1XXR
- Canberra, Australian Capital Territory; Australia;
- Broadcast area: Canberra RA1 ()
- Frequency: FM: 98.3 MHz
- Branding: 2XX

Programming
- Language: mostly English
- Format: community radio

Ownership
- Owner: Community Radio 2XX, Inc.

History
- First air date: 2 July 1976
- Former call signs: 2XX (1976–2000)
- Former frequencies: 1010 kHz (1976–1978) 1008 kHz (1978–2000)

Technical information
- ERP: 32787 watts
- HAAT: 32 m
- Transmitter coordinates: 35°16′32″S 149°5′52″E﻿ / ﻿35.27556°S 149.09778°E

Links
- Website: Official website

= 2XX FM =

Radio station in Canberra, Australia

2XX FM (call sign: 1XXR) is a community radio station, broadcasting on the FM band in Canberra, Australia.

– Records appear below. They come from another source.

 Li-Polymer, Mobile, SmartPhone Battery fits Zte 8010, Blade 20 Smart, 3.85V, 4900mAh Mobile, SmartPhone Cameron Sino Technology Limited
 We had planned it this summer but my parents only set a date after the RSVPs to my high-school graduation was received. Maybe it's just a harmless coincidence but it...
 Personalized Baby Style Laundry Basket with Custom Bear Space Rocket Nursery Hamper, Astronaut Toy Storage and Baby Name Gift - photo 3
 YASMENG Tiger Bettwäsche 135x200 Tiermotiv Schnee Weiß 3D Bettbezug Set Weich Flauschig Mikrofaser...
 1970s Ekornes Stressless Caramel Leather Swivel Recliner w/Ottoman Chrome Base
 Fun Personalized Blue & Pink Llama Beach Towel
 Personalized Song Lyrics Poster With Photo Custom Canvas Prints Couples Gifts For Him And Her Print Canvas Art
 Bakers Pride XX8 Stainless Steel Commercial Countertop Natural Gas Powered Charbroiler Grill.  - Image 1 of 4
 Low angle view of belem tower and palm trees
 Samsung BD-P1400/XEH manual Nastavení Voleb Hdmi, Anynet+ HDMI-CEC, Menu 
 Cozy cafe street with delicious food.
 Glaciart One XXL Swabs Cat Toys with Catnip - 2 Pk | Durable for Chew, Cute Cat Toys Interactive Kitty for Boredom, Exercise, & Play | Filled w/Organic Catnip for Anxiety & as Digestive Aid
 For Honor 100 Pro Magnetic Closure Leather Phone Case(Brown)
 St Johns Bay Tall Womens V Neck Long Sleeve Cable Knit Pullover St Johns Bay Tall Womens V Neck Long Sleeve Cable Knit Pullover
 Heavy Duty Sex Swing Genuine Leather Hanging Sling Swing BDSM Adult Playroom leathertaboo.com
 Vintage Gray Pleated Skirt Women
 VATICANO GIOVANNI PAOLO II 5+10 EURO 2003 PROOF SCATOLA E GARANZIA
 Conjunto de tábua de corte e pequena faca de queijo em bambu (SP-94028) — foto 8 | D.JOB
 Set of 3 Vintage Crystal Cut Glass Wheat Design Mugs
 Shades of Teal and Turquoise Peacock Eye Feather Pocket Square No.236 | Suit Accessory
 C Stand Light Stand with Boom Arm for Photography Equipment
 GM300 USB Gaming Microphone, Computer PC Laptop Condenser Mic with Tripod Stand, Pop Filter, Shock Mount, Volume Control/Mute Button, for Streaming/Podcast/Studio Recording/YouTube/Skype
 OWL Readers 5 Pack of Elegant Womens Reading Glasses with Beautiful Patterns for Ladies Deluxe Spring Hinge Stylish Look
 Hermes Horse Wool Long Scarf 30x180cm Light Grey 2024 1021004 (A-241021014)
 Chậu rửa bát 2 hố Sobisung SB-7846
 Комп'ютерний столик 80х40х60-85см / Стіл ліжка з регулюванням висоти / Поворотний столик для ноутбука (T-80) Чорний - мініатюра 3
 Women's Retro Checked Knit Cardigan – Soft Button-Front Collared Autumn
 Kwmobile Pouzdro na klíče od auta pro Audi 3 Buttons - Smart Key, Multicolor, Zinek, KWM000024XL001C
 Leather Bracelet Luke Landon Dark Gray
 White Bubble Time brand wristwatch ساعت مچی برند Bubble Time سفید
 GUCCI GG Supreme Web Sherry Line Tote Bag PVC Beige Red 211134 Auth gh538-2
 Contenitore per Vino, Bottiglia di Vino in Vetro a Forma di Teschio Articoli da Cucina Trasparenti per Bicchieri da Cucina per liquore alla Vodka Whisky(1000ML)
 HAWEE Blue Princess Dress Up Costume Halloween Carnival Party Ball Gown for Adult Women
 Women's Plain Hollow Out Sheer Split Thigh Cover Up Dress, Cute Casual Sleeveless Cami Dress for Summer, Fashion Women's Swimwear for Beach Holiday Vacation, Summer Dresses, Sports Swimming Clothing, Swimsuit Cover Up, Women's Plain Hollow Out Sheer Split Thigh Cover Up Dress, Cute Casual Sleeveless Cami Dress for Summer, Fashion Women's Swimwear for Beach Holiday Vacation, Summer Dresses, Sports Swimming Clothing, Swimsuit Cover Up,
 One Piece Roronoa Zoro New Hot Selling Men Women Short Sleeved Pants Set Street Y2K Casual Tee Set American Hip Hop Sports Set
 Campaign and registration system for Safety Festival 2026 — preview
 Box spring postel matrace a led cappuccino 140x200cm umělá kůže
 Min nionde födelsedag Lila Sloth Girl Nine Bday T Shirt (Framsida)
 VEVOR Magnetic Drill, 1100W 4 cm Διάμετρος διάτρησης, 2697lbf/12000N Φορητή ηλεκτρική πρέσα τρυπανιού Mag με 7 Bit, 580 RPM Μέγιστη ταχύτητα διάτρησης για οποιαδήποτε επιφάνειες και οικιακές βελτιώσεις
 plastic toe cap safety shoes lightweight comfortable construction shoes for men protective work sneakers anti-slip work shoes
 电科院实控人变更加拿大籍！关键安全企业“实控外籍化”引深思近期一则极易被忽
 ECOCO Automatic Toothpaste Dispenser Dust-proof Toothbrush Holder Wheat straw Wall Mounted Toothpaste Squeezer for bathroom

2XX FM is one of Australia's longest running community broadcasters. It took over the operation of the former Australian National University student radio station in July 1976, broadcasting as 2XX on 1010 kHz AM from two studios at the Drill Hall Gallery in Acton. It was originally scheduled to launch in February 1976, but was delayed indefinitely until July 1976 because of a technical problem. It moved to 1008 kHz AM in 1978. A third studio, completed in 1985, was fitted out as a multitrack recording studio for local bands to make independent recordings and give live-to-air performances.

In 2000 the station moved into converted studios at the Griffin Centre in Civic and changed the broadcast frequency to 98.3 MHz FM. The callsign was changed to 1XXR, but the station still identifies as "2XX" to this day.

In 2005 the station moved into purpose-built premises in the New Griffin Centre in Civic. The premises include office space and three studios. Two are broadcasting studios, one primary and one for back-up. The latter is used, together with the third studio, for editing and pre-recording.

2XX FM hosts specialty music, talk, opinion and ethnic programmes run by well over a hundred individuals and community organisations. The core focus is on the local community through Canberran current affairs and community service programs, local music, and a range of multicultural programs in first languages as well as some in English. It also takes some programming from the Community Broadcasting Association of Australia Digital Delivery Network.

Prominent personalities that hosted shows on 2XX include Peter Garrett, Sue Maslin, Jonathan Green and Helen Razer.